Bill.Thomson · 2016-10-29T16:04:20.313Z

Paul_Cardelli:

I’m going to try and test my PI3 with an image I have on my other PI2 for something else.

Run sudo apt-get update && sudo apt-get upgrade (provided it’s Raspbian, or a derivative) on the card that you pull from your Pi2. Otherwise, you’ll definitely get the rainbow…

Did you do the apt-get update/upgrade on your HDD? That should have been all that was needed.

Paul_Cardelli · 2016-10-29T16:21:25.086Z

can’t get it to boot from the hard drive or SD card at this point

Bill.Thomson · 2016-10-29T16:23:30.655Z

Is the “rainbow” a small square in the upper right corner of your screen?
Or is it the large one that occupies most of the screen?

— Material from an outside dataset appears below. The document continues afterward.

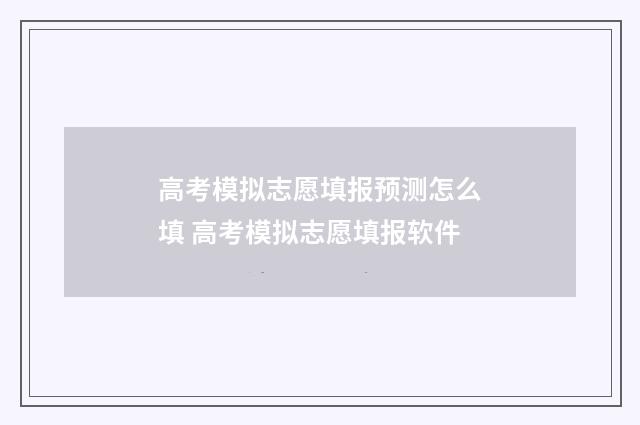 高考模拟志愿填报预测怎么填 高考模拟志愿填报软件
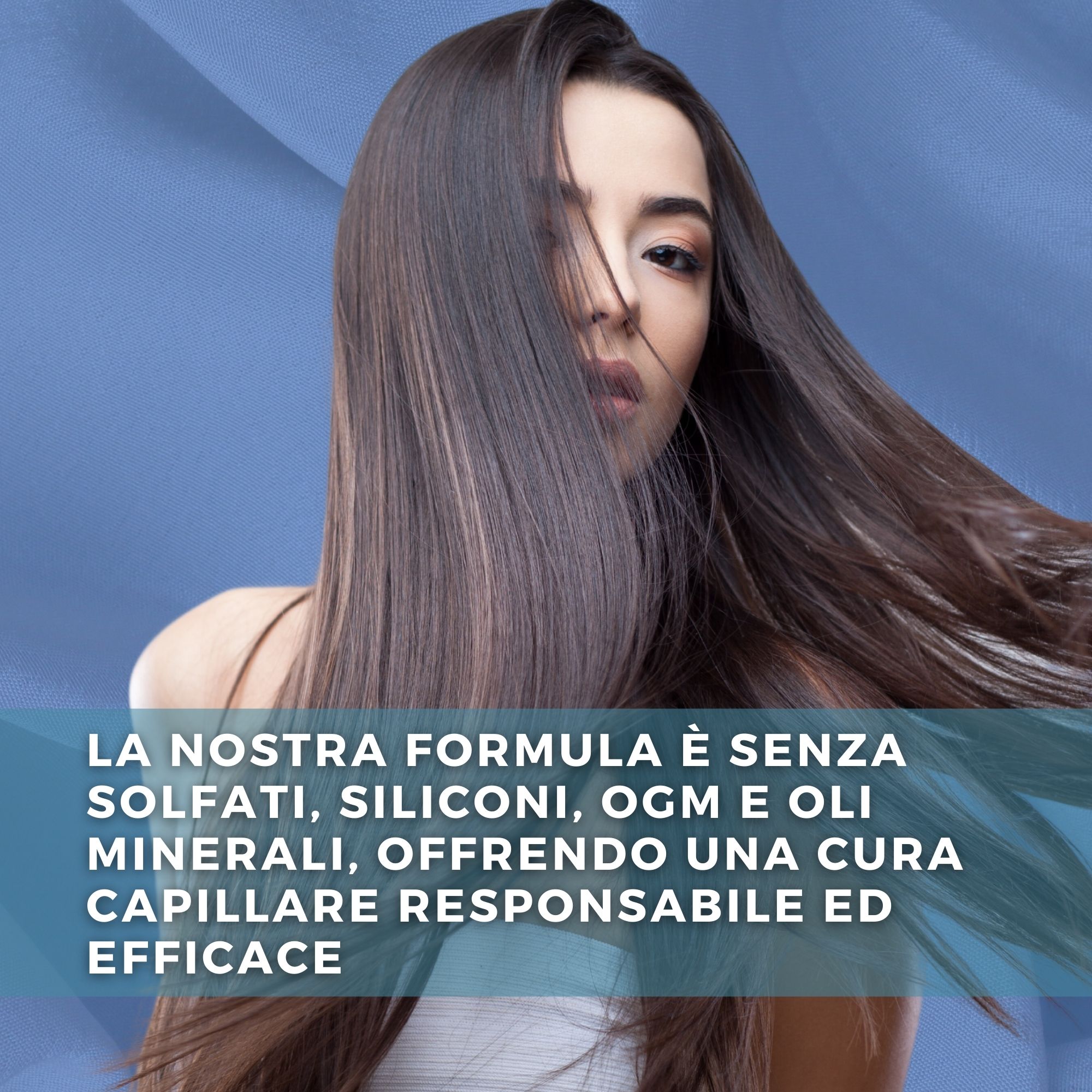 Donna con capelli lunghi. Testo: La nostra formula è senza solfati, OGM e oli minerali, offrendo una cura capillare responsabile.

Paul_Cardelli · 2016-10-29T17:44:17.581Z

not sure what happened. Looks like I did not move the data folder off the SD card, so I’m in the process of getting that to the HD. I did have to build a new SD card, and copy the old cmdline.txt from the old SD card to get it to boot past the rainbow colors. This seems to be working, and the HD booted with everything but my data folder which was still mounting to the SD card.

So once I get stable again I’ll check my version and make sure it was jsut the SD card giving me grief, and likely due to using one of those cheep Samsung 32GB cards I had laying around. I keep forgetting why I hate them. Probably only good for pictures.